Blue Sky Network Helps Operators Track Their Assets
Blue Sky Network's satcom devices are FAA and ANAC certified. (Photo: David McIntosh)

After only four years in Brazil, Blue Sky Network, which offers satellite tracking of and communication with vehicles operating in the air, on land and at sea, has built up a sizable client base, including the Líder fleet that serves Petrobras, the Helisul air taxi operator and energy exploration company HRT. Here at LABACE show-goers can see how Blue Sky’s New SkyRouter and other systems work at the company’s display in the exhibition hangar (Stand 5020).

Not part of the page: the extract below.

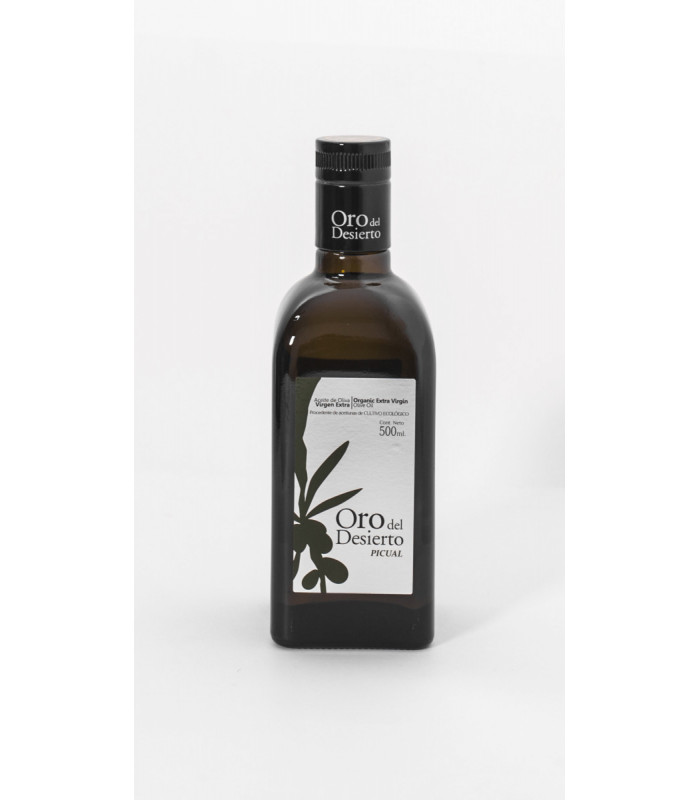 Oro del Desierto Picual 500 ml BIO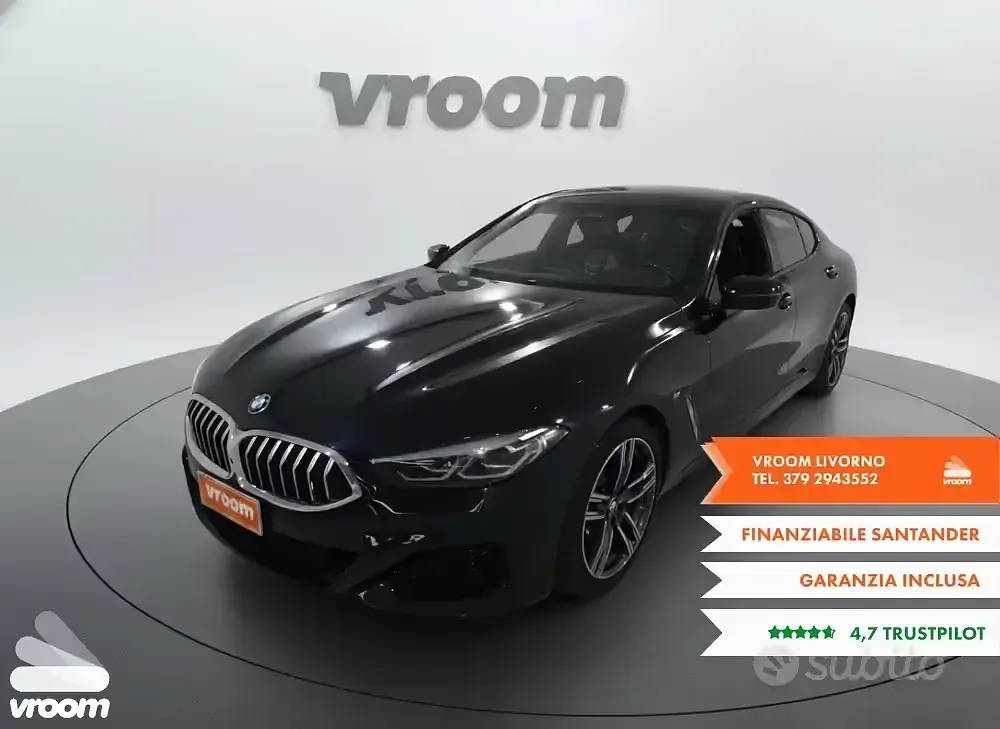 Usata BMW 840 Gran Coupé Comfort Edition 340 CV (250 kW) 2021 Nero Coupé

The California company’s offerings are of particular value in many areas, such as air taxi, air ambulance, rescue and oil and gas. Many of these operations are undertaken in sparsely populated areas in difficult terrain, such as the Amazon basin, where tracking vehicles not only drives efficiencies for operators, but also deliver a major safety enhancement.

Blue Sky Network offers a range of systems and services to meet varying requirements. Onboard systems can provide track only, track and message, or track/message/voice communication options. The system uses dual-mode GSM and Iridium satellite tracking, and allows operators to access data through a cloud-based web portal. GSM signals are used when they are strong enough, but the system automatically switches to the more expensive Iridium tracking when GSM signals fall below a preset threshold.

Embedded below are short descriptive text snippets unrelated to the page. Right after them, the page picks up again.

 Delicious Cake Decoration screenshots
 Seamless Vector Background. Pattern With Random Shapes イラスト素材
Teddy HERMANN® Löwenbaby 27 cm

The company’s New SkyRouter system is in widespread use in the U.S. and beyond, allowing organizations to automatically monitor the locations and routes of their mobile assets in near real-time, and to allow messaging between those assets and the base.

For the base operator, the New SkyRouter system allows vehicle tracking to be displayed on a multifunction screen. Key information for each asset can be accessed on the screen, and the locations of all assets can be overlaid on maps or Google Earth imagery. Additional overlays, such as weather radar or traffic congestion, or offshore lease blocks, are available. There is also a Bluetooth application that allows cockpit-mounted systems to interface with mobile devices, such as smartphones and tablets.

As well as platform-mounted systems, Blue Sky Network has developed hand-held devices, such as the new HawkEye PT Plus. All of the devices, which are FAA- and ANAC-certified, can be programmed to automatically update the asset’s position every minute or two, but in an emergency can be used to send an instant position update with a single button-press. This action also initiates a high-rate positional transmission mode, with updates transmitted every 15 seconds.

To reach smaller operators and expand its services in Brazil, the Blue Sky Network is currently looking for equipment re-sellers to cover regions of the country. It has already inked a deal with Avionics Services, and is in advanced stages of negotiations with other re-sellers in Mato Grosso, Mato Grosso do Sul and in the Natal/Fortaleza region.

Although Blue Sky Network is open to approaches from other Latin American nations, for now it is concentrating on the Brazilian market, and it expects to more than double the number of systems in use by the end of next year. In the aviation field alone the country offers considerable opportunities on many fronts. Business aviation is an obvious customer, as is the large number of helicopter operators.